The question really threw me. Despite being a health professional, my business had propelled me head first into the entrepreneurial world, and I had become used to the space where the only thing standing in the way of something being achieved, was me just getting it done…as quickly as possible!

So although I could throw together a new website, build a sales funnel or set up an email automation with a few hours in a café, I was suddenly acutely aware that the credibility of being ‘published’, in an academic’s eyes, would likely always elude me.

Every industry needs academics. These are the people who create, test and report on aspects of all that we do to ensure that we practice our profession with strategies that are proven, safe and effective. Research is slow, painstaking, detailed and…did I mention slow?

Every industry also needs entrepreneurs. They take ideas and not only make them reality, but make them financially viable and self funding. Entrepreneurs move fast, testing their ideas on the real world as they go. Did someone say ‘human guinea pig’?

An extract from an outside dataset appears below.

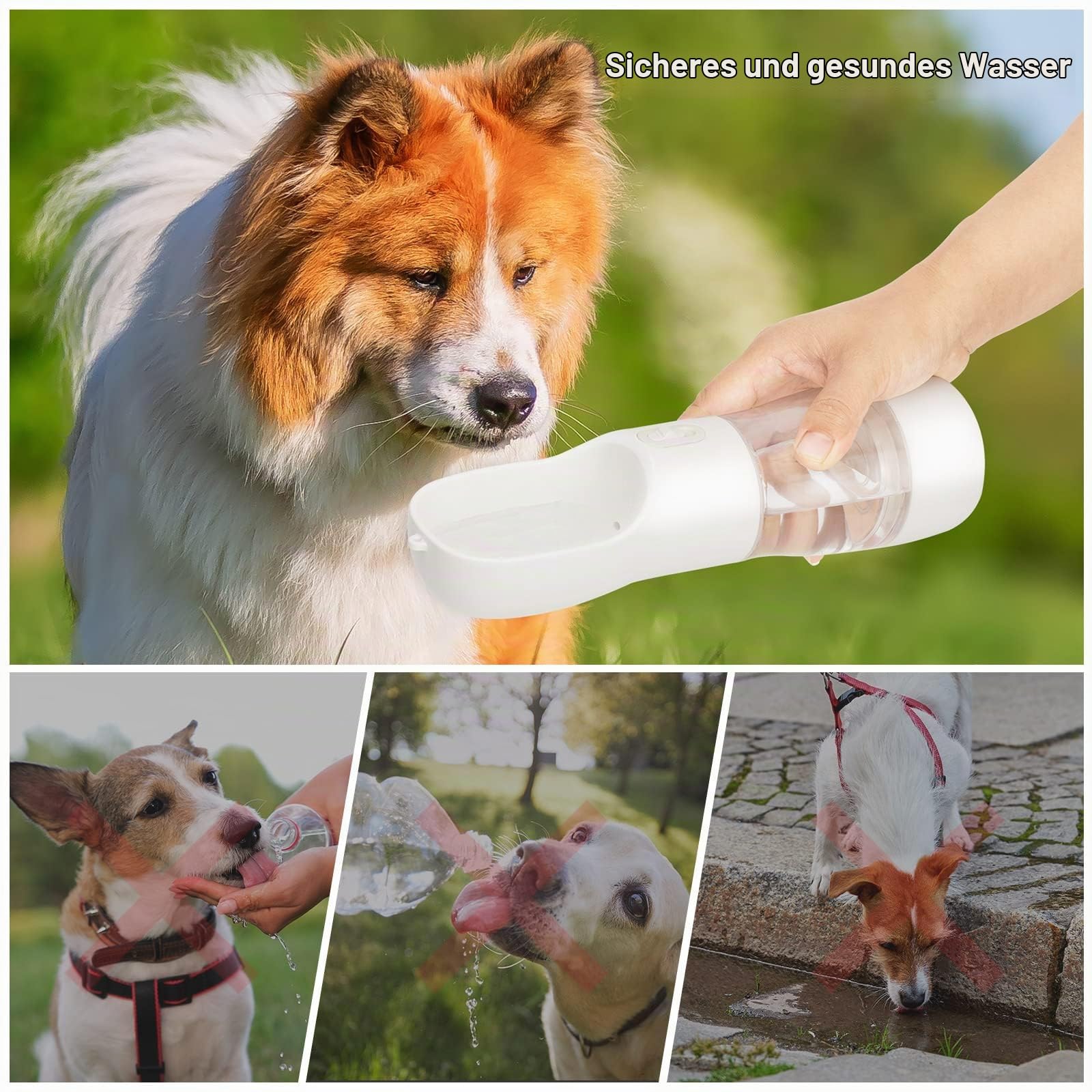 Trinkflasche Hunde für Unterwegs mit Futterbehälter 258 ml, Weiß | BPA-Freiem, Tragbare Hundetrinkflasche auslaufsicherer, für Welpen Kleine Mittel, Spaziergänge, Reisen, Wandern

Academics and entrepreneurs are polar opposites in terms of their funding models, motivations, timelines and definitions of success, yet the opportunity seeker inside of me wonders what magic could happen if we could better integrate, and even intersect the two.

The entrepreneur’s product or service is infinitely more compelling if it has research evidence supporting it. The academic’s research findings are really only useful to the world if they can be wrapped around a sustainable business model.

The potential of crossing the academic with the entrepreneur has made me incredibly excited, so soon I will be meeting with leading researchers at Melbourne University to discuss their ground breaking research into knee arthritis, and explore ways that my expertise could intersect with theirs to scale best practice management to the world.

I would really love to hear about examples of the academic and the entrepreneur intersecting, so I would love you to share any you have come across. It could be teams that work together, or even a single person that has a foot squarely in both camps and is crushing it. I would just love to hear about your experiences.

So what did I say to the lady at the conference dinner?

“No, I’m not published” I said, “but please tell me all about your research”.

I was in the presence of a respected academic, and it was time for me to just shut up and listen.

4 Comments

  1. Silvia Pfeiffer on January 20, 2017 at 10:03 am

    Being from both camps, I must say, it’s really hard. While I was a research scientist, I published papers (not in healthcare, but in computing). My PhD was 300 pages long. Now that I’m an entrepreneur, blog posts and websites are what I do and they are just as hard to get right. I’m a different way. Marketing is hard, so let’s not underestimate each other’s achievements.

    • Karen Finnin on January 23, 2017 at 6:52 am

      I completely agree Silvia.Healthcare will be most successful when we can combine the best of both worlds.

  2. Suzanne Long on July 12, 2017 at 2:08 pm

    Couldn’t agree more with “what magic could happen if we could better integrate, and even intersect the two.” As a physiotherapist that has gone down the PhD route, and taken a sideways step as an entrepreneur, I can say that they do not intersect easily! Thanks for the thoughtful post, it’s good to remember that both paths are worthy and necessary 😉

    • Karen Finnin on March 2, 2018 at 6:13 am

      Thanks so much for your comments Suzanne. I have so much respect for people who have had a foot in both camps! You could not have said it better: ‘both paths are worthy and necessary’.